En el caso Ezequiel ¿dónde está el IMSS?

En Marzo, México inició un proceso de confinamiento que obligó a muchas empresas a cerrar sus puertas durante varios meses. Otras, consideradas esenciales (como CPS Media), tuvimos que seguir adelante, expuestos a las visicitudes de la coyuntura.

Los dos monstruos que acechan desde entonces nos han golpeado con brutalidad.

En el aspecto económico las ingresos en CPS Media se vieron afectados. 

Ante la crisis, algunos de nuestros compañeros tuvieron que ser separados de la empresa, imposibiltada por las circunstancias  a mantener una estructura orgánica completa ante la reducción en los ingresos.

A quienes nos quedamos, la mayoría, se nos solicitó trabajar bajo un ajuste salarial. Quienes tuvieron disposición de colaborar se quedaron. En esta etapa otros de nuestros compañeros decidieron no prestar más sus servicios a CPS.

A ello habrá que agregar que entre el personal que sirve en esta empresa, la pandemia ha cobrado su cuota. Cerca de 30 colaboradores en las regiones en las que estamos destacados han contraído el SarsCov-2.    

Todos los que han resultado infectados han recibido exactamente el mismo trato. Se les ha enviado a su casa en cuarentena obligatoria; se les ha pedido que acudan al Insituto Mexicano del Seguro Social (IMSS) para buscar alivio a su comprometido estado de salud y de esa manera obtener el cobijo de la incapacidad. 

Ningún trabajador de CPS Media carece de este servicio fundamental.

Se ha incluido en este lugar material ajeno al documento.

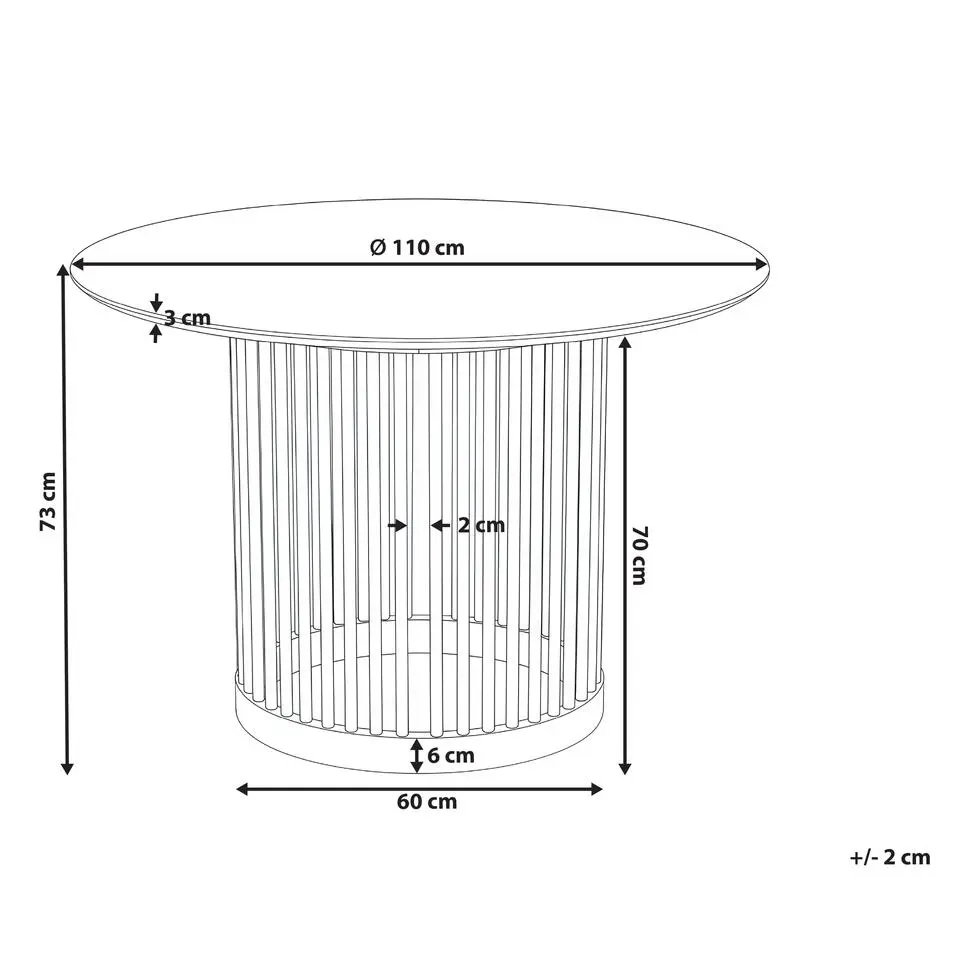 BOYLE - Eettafel - Lichtbruin - ø 110 cm - Eikenfineer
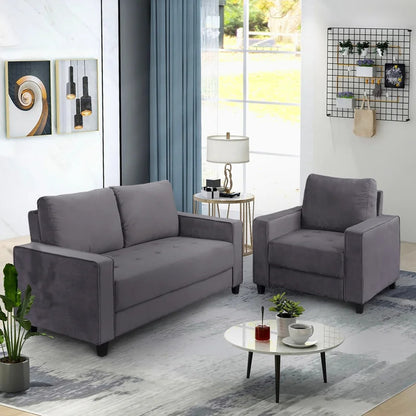 4 Seater Sofa Set: 75.2'' Velvet Sofa Set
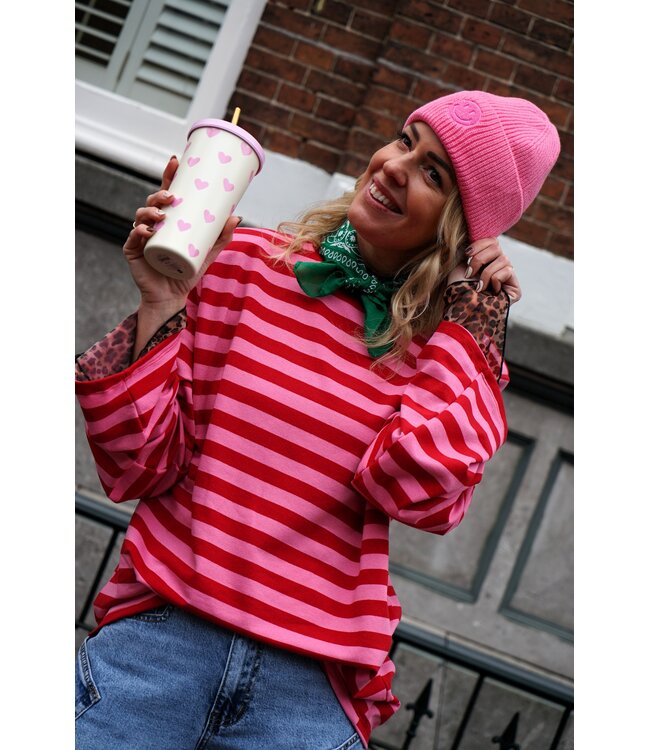 STREEP TOP BO ROOD ROZE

Por eso cuando Ezequiel Lizalde regresó de su primera jornada de incapacidad, y nos manifestó su interés de realizar tres meses de trabajo desde casa se le invitó a que, si su estado de salud lo ameritaba, obtuviera una ampliación a su incapacidad en el IMSS. Según su dicho así lo hizo y en el IMSS le negaron la ampliación solicitada.

Ante ello, le ofrecimos la posibilidad de trabajar bajo el esfuerzo mínimo desde su escritorio, en la comodidad de la oficina, por dos o tres semanas, después de las cuáles, evaluaríamos si debía o no regresar a sus labores de reportero en la calle.

Ezequiel aceptó ese arreglo y desde la redacción de CPS Media La Paz trabajó en ese periodo, hasta que nos informó que su estado de salud estaba desmejorando otra vez y entonces le dimos la opción de trabajar desde su domicilio.

En su casa, haciendo “home office” su estado de salud disminuyó ostensiblemente y tuvo que ser internado.

De todo ello hay soporte documental, ya que estos acuerdos se dieron por WhatsApp.

CPS Media ha protegido a Ezequiel Lizalde y a todo su personal en este proceso.

Primero manteniendo la fuente de trabajo remunerada al máximo posible.

Segundo a todos los empleados se les dotó de un Seguro de Vida por 30 meses de salario, incluído desde luego Ezequiel, para que su familia no tuviera problemas en caso de alguna pérdida física.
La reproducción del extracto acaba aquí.